AUGUSTINER KELLER “¡Albondigas de patata!”

Munich (Alemania) – Febrero de 2017.

Último día de viaje y llegamos a Munich. Aquí quedamos para comer con una amiga de la mujer de mi socio. Esto suele ser una buena señal para saber que podemos comer bien en Munich, siempre conoce mejor la zona alguien oriundo que cualquier viajero de paso como nosotros.

Al entrar en el recinto en donde se encuentra el restaurante “Augustiner Keller” vemos un grupo de gente jugando al ¡“Curling”!, no es extraño pues hace temperatura para ello, nada olímpico, no nos imaginemos las típicas piezas de curling rojas y azules y unos tíos fregando a toda leche para que estas deslicen mejor. Algo más rudimentario, los objetos con los que están jugando son de madera y las pistas son como encofrados de grandes vigas de madera con unas placas de hielo enormes en su interior, la verdad es que es algo muy bonito de ver y muy curioso, en España no sería posible ver esta estampa, digamos que el símil español sería la “petanca”.

Pero prosigamos con nuestra visita a este restaurante. Nada más entrar… (¡tú pagas!, jajaja, es un pequeño guiño a un monologo de Dani Rovira, “Zooilogico.es” con el que mis socios y yo bromeamos constantemente y así les hago un pequeño homenaje) pero como decía, nada mas entrar nos encontramos una sala con cinco filas de mesas, en cada fila tenemos 40 sillas para comensales, así de golpe 200 comensales en la entrada. Pues esto es la primera de las salas, a la derecha no tan grande por supuesto pero otro espacio para otras 50 personas más o menos. Habíamos quedado aquí con la chica de la que hablaba antes y ¡todavía no la hemos visto!, pero claro el restaurante prosigue hacia la parte de atrás… pasamos unas cuantas mesas más y nada, y de repente un pasillo lleno de cuadros con dibujos nos lleva hasta otra sala en la que podrían caber otros 100 comensales… ¡al fin! ahí estaba nuestra cita, ¡que pasada! ¿esto se puede llegar a llenar en algún momento? y cuando estábamos a punto de sentarnos… se abre una puerta en medio de la pared de madera que teníamos a nuestra derecha… ¡Y vemos otra sala! esto unido a que tienen otras tantas mesas en el exterior puedo decir sin miedo a equivocarme que aquí podría comer un regimiento. Pero lo sorprendente de todo esto todavía estaba por llegar… ¡La comida es fantástica!

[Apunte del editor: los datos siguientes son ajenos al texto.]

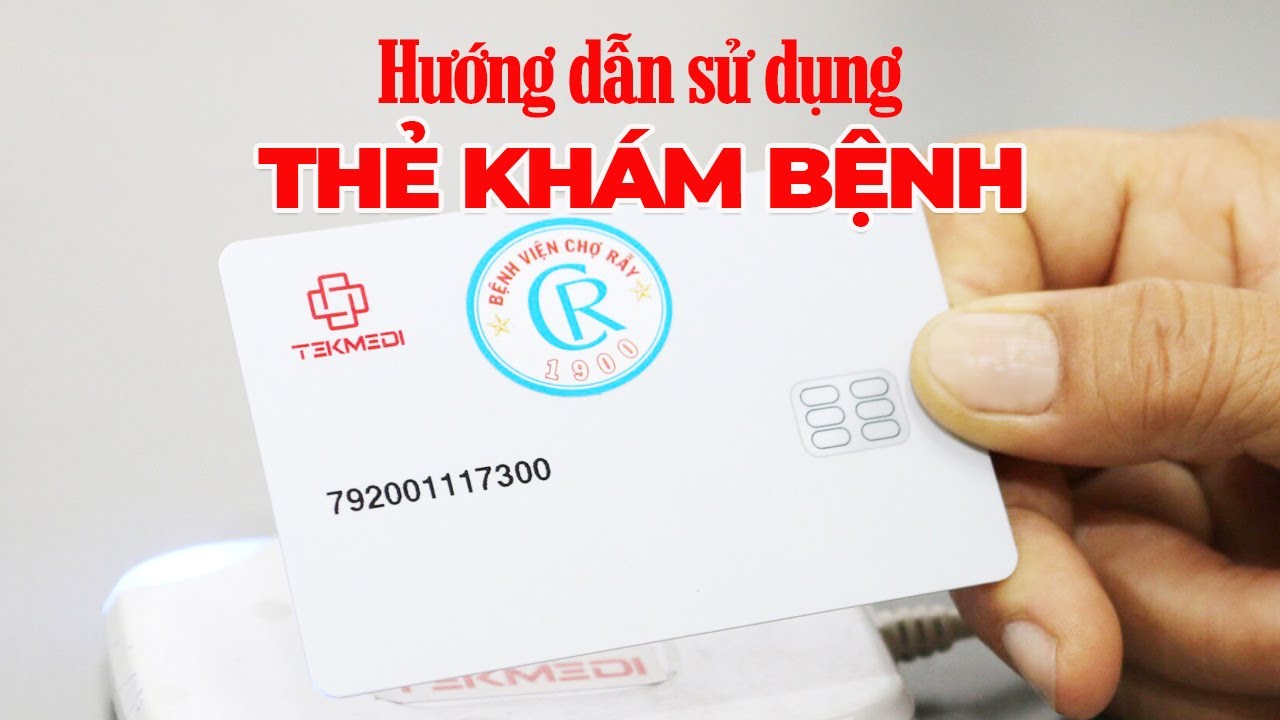 Hướng dẫn sử dụng Thẻ khám bệnh - Thanh toán không dùng tiền mặt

Y yo me pregunto… ¿Cuantos cocineros/as tiene que haber en cocina para atender a este volumen de mesas?

Lo primero de lo que podemos disfrutar son los fantásticos “Bretzel” o “Prezel”, ambos nombres sirven para un pan típico de Alemania con forma de lazo y un toque salado que está buenísimo, una buena forma de esperar por el resto de platos.

De la carta nos hacen varias recomendaciones, “Ente und sin stock spanferkelbraten mis kartoffelknödel, Blaukraut”, esto viene a ser algo así como “Pato y un trozo de carne de cerdo asada con  albóndigas de patata”, esto lo pidió mi socio y como no, yo pude degustar un trocito del mismo, unos cuatro o cinco bocaditos de nada… jajaja, buenísimo.

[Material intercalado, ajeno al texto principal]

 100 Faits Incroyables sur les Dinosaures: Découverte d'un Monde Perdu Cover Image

Yo pedí varias cositas… de primero, “Knusprige schweinshaxe von grill mis kartoffelknödel und speckkrautsalat” traducido, “codillo de cerdo crujiente a la barbacoa con albóndigas de patata y ensalada de col”. Si el pato estaba rico este codillo estaba espectacular, de echo es el plato que más pide aquí la gente… por algo será, ¡genial!. Corteza crujiente y muy sabrosa. La carne muy jugosita y bañada con la salsa que acompaña al plato estaba de 10. La ¡albóndiga de patata! con la misma salsita … mmm… estaba para marearse, una especie de patata hecha con puré de patata y un toque gelatinoso… no sabría exactamente como describirla pero ha sido toda una experiencia de sabor… simplemente para repetir.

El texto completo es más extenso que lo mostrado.